30th October, 2023

Continuing from last time, my major ideas were to see if we could find any correlation between the density of shootings by having a related plot of population density with it.

This would help us identify more easily if more shootings have been taking place in more populated areas and in a way we could be able to work out if the frequency of shootings is a function of the population of the people.

Trying to code this has some challenges that I have been facing because I can’t seem to really actualize the data I’m looking for in terms of population densities hence it has been a challenge.

A lot of popular python libraries contain data regarding county level population, but I can’t plot data at a county level when looking at a state level. A lot of population data online however does not have coordinates but rather names for the cities which has been another challenge.

Trying to figure the two out for now and coding the lookups required to match the data do not seem to be working as of right now, but I am working on fixing it because I do find it an interesting direction to be going in.

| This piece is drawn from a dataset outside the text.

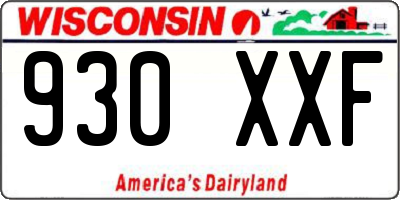 WI license plate 930XXF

Furthermore I would maybe like to have police station coordinate data plotted to see if there is any pattern of data there in terms of the distances from police stations.

 

The code below is not yet fully working but It’s a reference point for the work later

import pandas as pd
import matplotlib.pyplot as plt
import geopandas as gpd
import cartopy.crs as ccrs
import cartopy.feature as cfeature
from sklearn.cluster import KMeans
import us
# Specify the full path to your Excel file using a raw string
excel_file_path = r’C:\Users\91766\Desktop\fatal-police-shootings-data.xlsx’
# Read data from Excel file
df = pd.read_excel(excel_file_path)
# Extract latitude and longitude columns
latitude_column = ‘latitude’  # Replace with your actual column name
longitude_column = ‘longitude’  # Replace with your actual column name
latitudes = df[latitude_column].tolist()
longitudes = df[longitude_column].tolist()
# Perform K-means clustering
kmeans = KMeans(n_clusters=5, random_state=42)
df[‘cluster’] = kmeans.fit_predict(df[[latitude_column, longitude_column]])
# Create a map of the USA using Cartopy
fig, ax = plt.subplots(subplot_kw={‘projection’: ccrs.PlateCarree()}, figsize=(12, 9))
ax.set_extent([-125, -66, 24, 49])  # USA bounding box
# Plotting the coordinates with cluster colors
scatter = ax.scatter(df[longitude_column], df[latitude_column], s=10, c=df[‘cluster’], cmap=’viridis’, marker=’o’, alpha=0.7, edgecolor=’k’, transform=ccrs.Geodetic())
# Add colorbar
cbar = plt.colorbar(scatter, ax=ax, orientation=’vertical’, fraction=0.03, pad=0.05)
cbar.set_label(‘Cluster’)
# Add map features
ax.coastlines(resolution=’10m’, color=’black’, linewidth=1)
ax.add_feature(cfeature.BORDERS, linestyle=’:’)
# Get and plot capital cities using the us library
for state in us.STATES:
    capital = us.states.lookup(state.capital)
    ax.text(capital.longitude, capital.latitude, state.capital, transform=ccrs.PlateCarree(), fontsize=8, ha=’right’, va=’bottom’, color=’blue’)
# Draw state lines
ax.add_feature(cfeature.STATES, linestyle=’-‘, edgecolor=’black’)
# Show the plot
plt.title(‘K-Means Clustering on the Map of the USA with State Capitals Highlighted’)
plt.show()

27th October, 2023

Deciding to go in a different direction, I tried my hand at looking at what the geographical data could tell me as I had exhausted all my other avenues working on the historical data.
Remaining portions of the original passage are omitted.